Steve Bartlett, president and chief executive of The Financial Services Roundtable, a Washington, D.C.-based group of large banks, insurers, and other financial companies, said he was “shocked and dismayed” at the Fed’s plans. “The Board’s proposal falls substantially short of capturing the costs associated with providing the debit service and, although the statute is very limiting, it by no means reflects the discretion accorded to the Board in establishing the proposed guidelines,” Bartlett wrote. He added that “debit cards are a lifeline for the American consumer” and “any proposal that caps debit interchange fees will increase the cost of debit cards for consumers and potentially curtail debit card use.”
Regulated interchange would apply only to the 131 banks and credit unions with more than $10 billion in assets, about 1% of all financial institutions. But John Annalaro, chief executive of the new Northwest Credit Union Association formed by the merger of the Washington Credit Union League and Credit Union Association of Oregon, said that “while the proposal is aimed at institutions over $10 billion in assets, the application of the action is likely to apply to all financial-services providers, regardless of size.”
Politicians also are weighing in. U.S. Sen. Claire McCaskill, D-Mo., a Durbin Amendment opponent, said she is “worried that the language in the Dodd-Frank Act is too narrow and that rules based on those instructions will not allow debit card issuers to recoup the full costs of offering cards to consumers.”
In a joint letter, two Republican House members, Spencer Bachus of Alabama and Jeb Hensarling of Texas, said the Dodd-Frank law’s nine-month deadline (from enactment) for the Fed to issue final rules is too short given the “myriad perspectives of all affected parties. Ultimately, hastily written rules may end up doing more harm than good to consumers and have negative effects on competition in the marketplace.” The two noted that the House Financial Services Committee held only one hearing over the past two years on the general subject of interchange and none about transaction routing. They urged to the Fed “to proceed in a cautious and deliberate manner.”

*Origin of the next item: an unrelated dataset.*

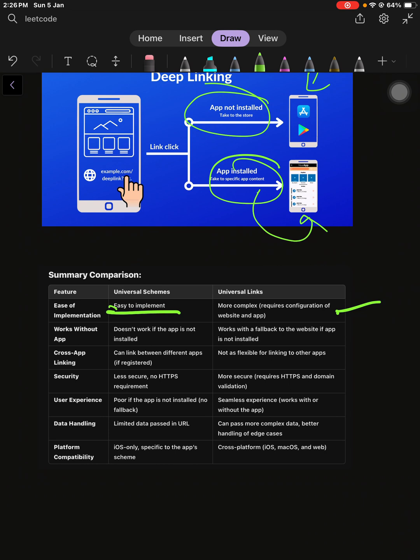The app does not work with custom URLs if the app is not installed, but with universal links you have a better user experience where if the app is not installed you can handle things. Custom URLs are less secure and the user experience is not good.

Meanwhile, the Durbin amendment’s chief sponsor, U.S. Sen. Richard Durbin, D-Ill., last week sent a letter to Elizabeth Warren, Obama’s advisor overseeing the creation of the Consumer Financial Protection Bureau, urging her to be aware of “big banks and card network giants” that might try to circumvent the new regulations by pushing consumers toward high-cost prepaid cards. “These products are often loaded with deceptive and abusive fees, and are frequently marketed to appeal to younger Americans who may not be wise to their dangers,” Durbin said.

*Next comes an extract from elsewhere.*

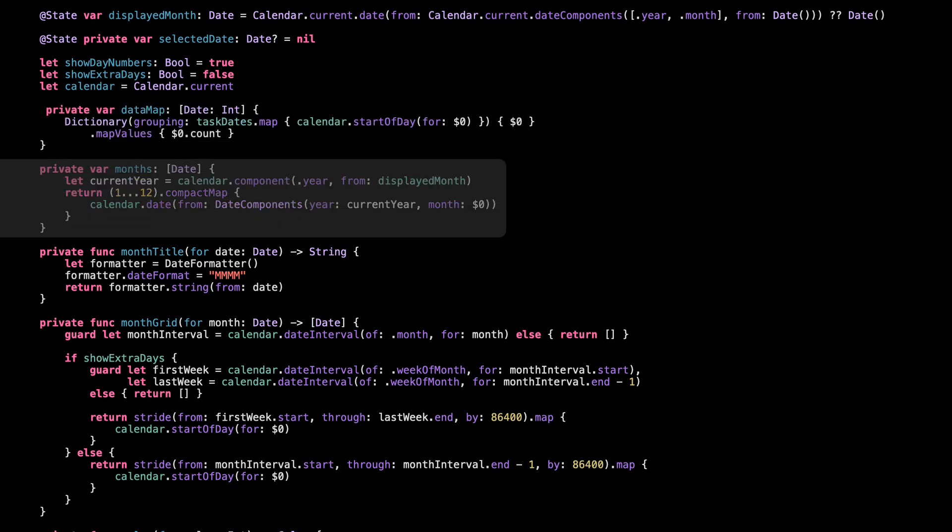This gives us 12 date objects, one for each month of the year we're currently viewing. So if displayed month is in 2025, this will create dates for January 2025, February 2025, all the way to December. That's what we loop over when showing the heatmap horizontally, month by month. It's clean, simple, and makes the scroll dynamic.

Durbin did say that prepaid cards are not “inevitably harmful. If properly regulated, these cards show great potential for helping unbanked Americans who might otherwise rely on check-cashing operations. There are companies offering prepaid debit cards today that provide their customers with fair and transparent terms. The key is to strike the right regulatory balance…”
Durbin is a co-sponsor of a bill introduced just before Christmas by U.S. Sen. Robert Menendez, D-N.J., that would curb certain prepaid card fees and require greater disclosures by card providers.